The relation between spinning speed and detectability is shown in Figure 14. As can be seen in ths figure, detectability grows inversely proportional to the spinning speed, while it remains independent of the time of the day. In windy conditions, wind turbines spins between 15 and 45 revolutions per minute, much faster that the lowest threshold obtained for the spinning speed, which is 50 m.p.r (50 minutes per revolution = 0.02 revolutions per minute). That is why in practice there is no noticeable gradient produced by the blades when the turbine is spinning. Only when it is almost stopped it can be detected.

Occlusion percentage thresholds can be also obtained from the ones in the detectability range. When the spinning speed of the wind turbines is high enough (beneath 50 minutes per revolution; which is the lowest threshold for spinning speed obtained in the previous section, as shown in Figure 13), individual blades gradients are not detected in the preprocessing step. In these circumstances, the temperature of the road in the projection area homogeneously lowers according to a reduction of irradiation equivalent to the occlusion percentage. In Figure 15 this behavior is modeled for 800 w/m² of irradiation and 25 °C of ambient temperature. The lowest threshold for the occlusion range (5 %) is shown in a red curve. As seen, temperature stabilizes approximately 2 °C beneath the maximum temperature of the road: this is the gradient between the projection area and an area in its proximity that is always irradiated. The maximum gradient of temperature in the graph is ≃ 34°C. Then, Detectability is d/z → 2/34 = 0.05, corresponding to the lowest threshold, shown in Figure 11. The same correspondence can be obtained for the highest threshold of occlusion, showed in a green curve. Table 2 numerically shows those gradients for the lowest and the uppermost thresholds.

As it can be seen in Figure 17, detectability grows with the occlusion percentage while it remains independent of the time of the day.

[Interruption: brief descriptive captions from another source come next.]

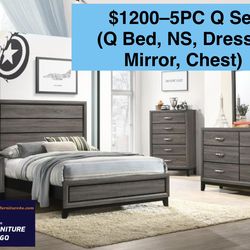 🌺 FREE DELIVERY 🌺Brand New 5PC Queen Size Bedroom Set ( Queen Bed, NS, Dresser, Mirror, Chest)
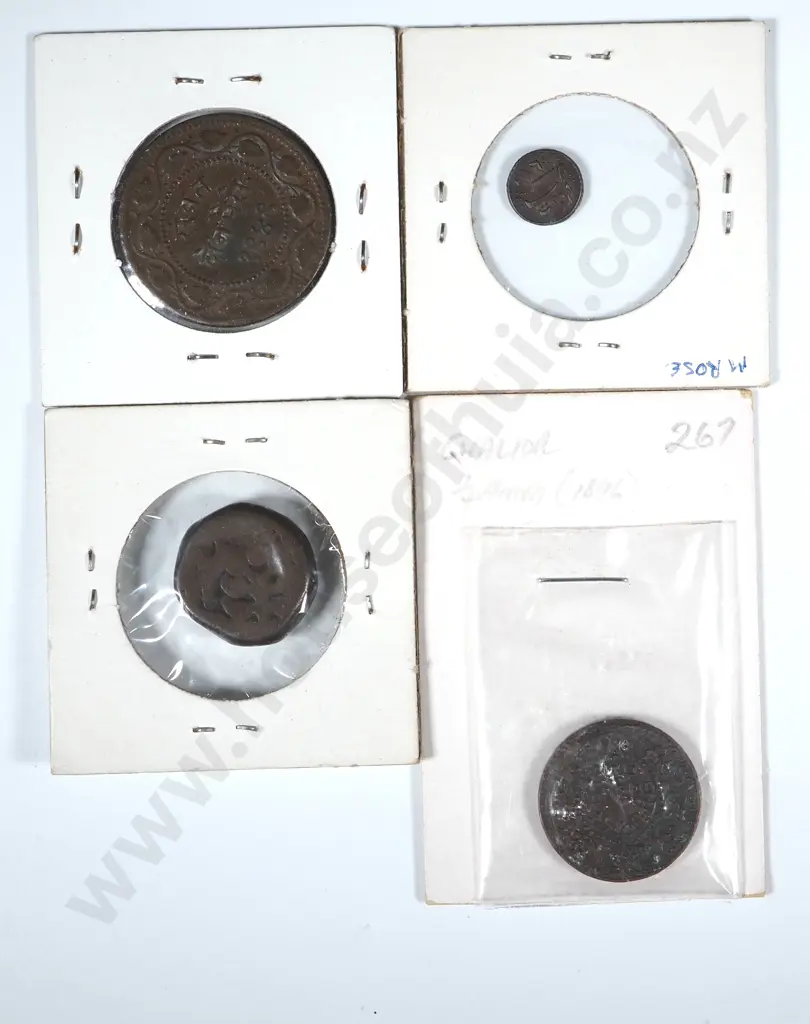 4 Antique India Copper Coins in Cardboard Holders w Notations Image 1++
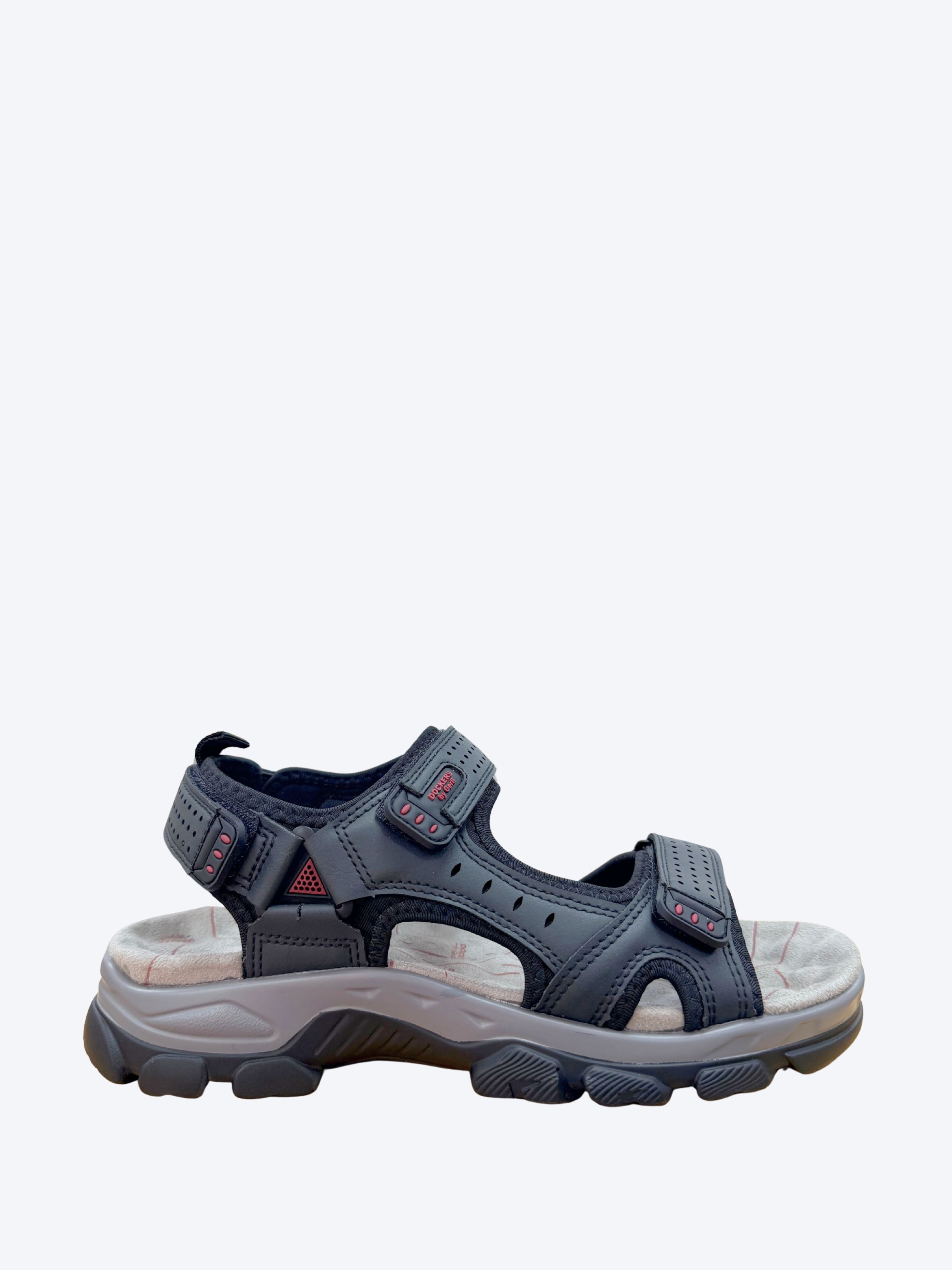 Sandalia deportiva hombre Dockers en azul marino con triple velcro rojo y suela trekking bicolor, vista lateral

Transferring the detectability thresholds to the occlusion percentage range, it is needed at least a 15% of occlusion to guarantee the detection of the gradient, as shown Figure 16. Considering that the average occlusion for the ITER wind turbines is 7%, it is very improbable for them to produce a noticeable difference of temperature, as it corresponds to the lowest part of the uncertainty range, see Figure 16. In practice, no gradient has been detected for this percentage of occlusion, although it cannot be theoretically discarded.

The relation between occlusion and detectability is showed in Figure 17.